The whole listing below is to be copied exactly, with every picture left out.

▸ **Data provided**
•••

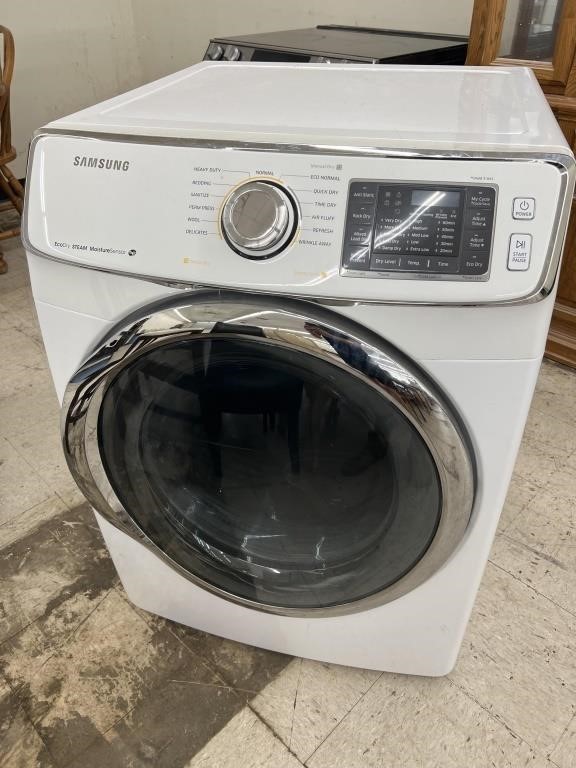 Samsung Dryer (condition unknown)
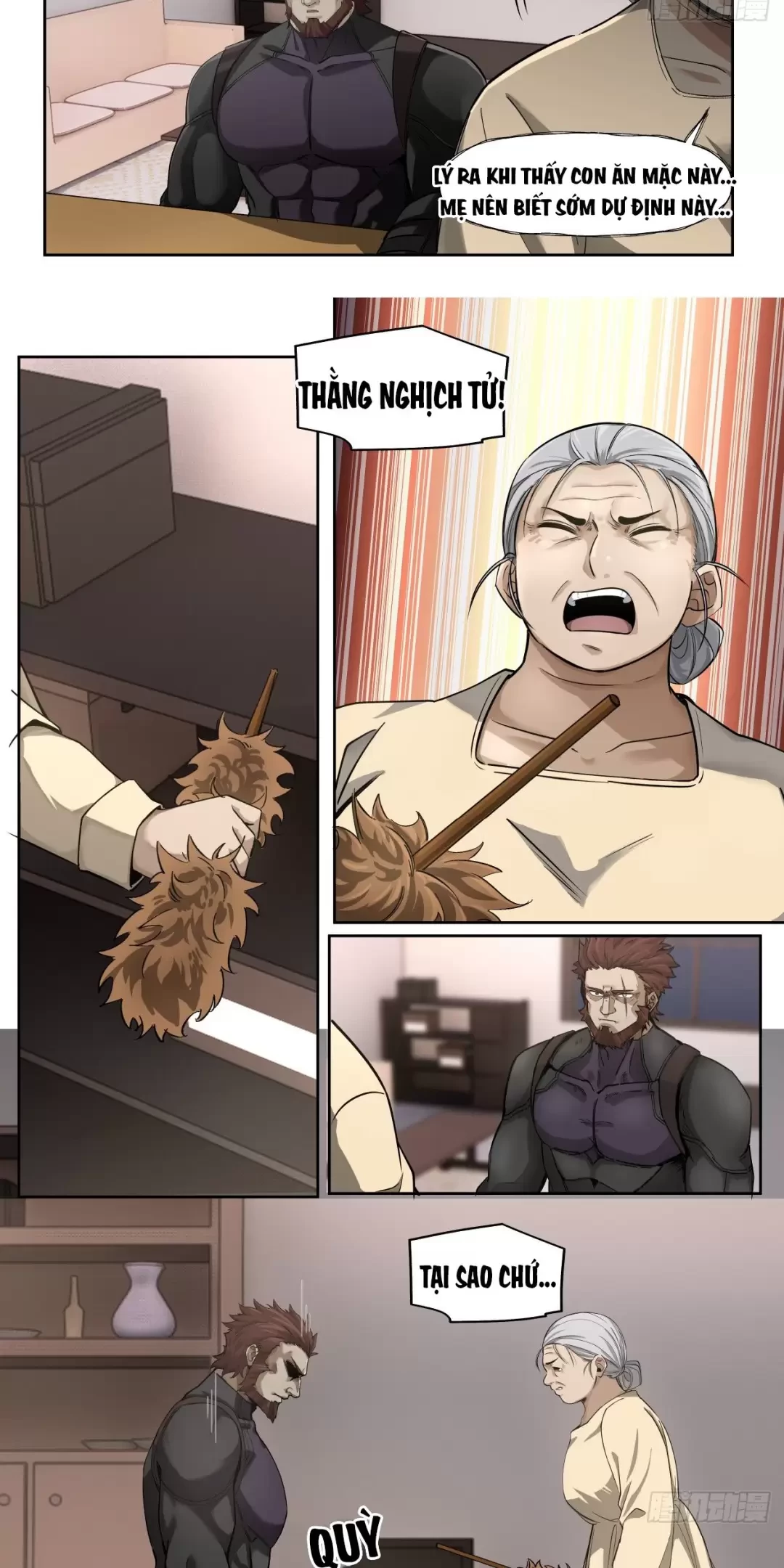 Truyền Kỳ Thái Lạc Chapter 67 - Trang 3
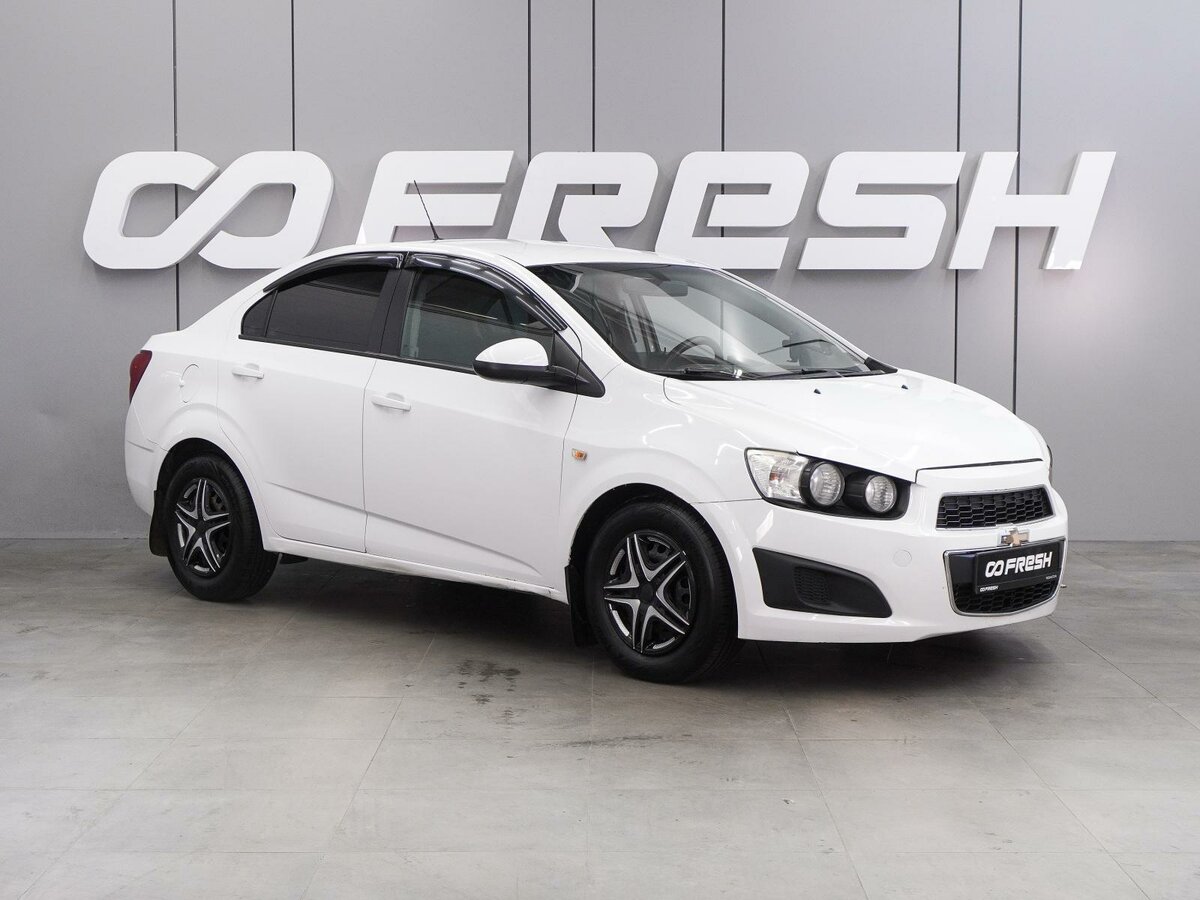Открыть фотографии: Chevrolet Aveo II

•••

▸ **Solution**
 Samsung Dryer (condition unknown)
 Truyền Kỳ Thái Lạc Chapter 67 - Trang 3
Открыть фотографии: Chevrolet Aveo II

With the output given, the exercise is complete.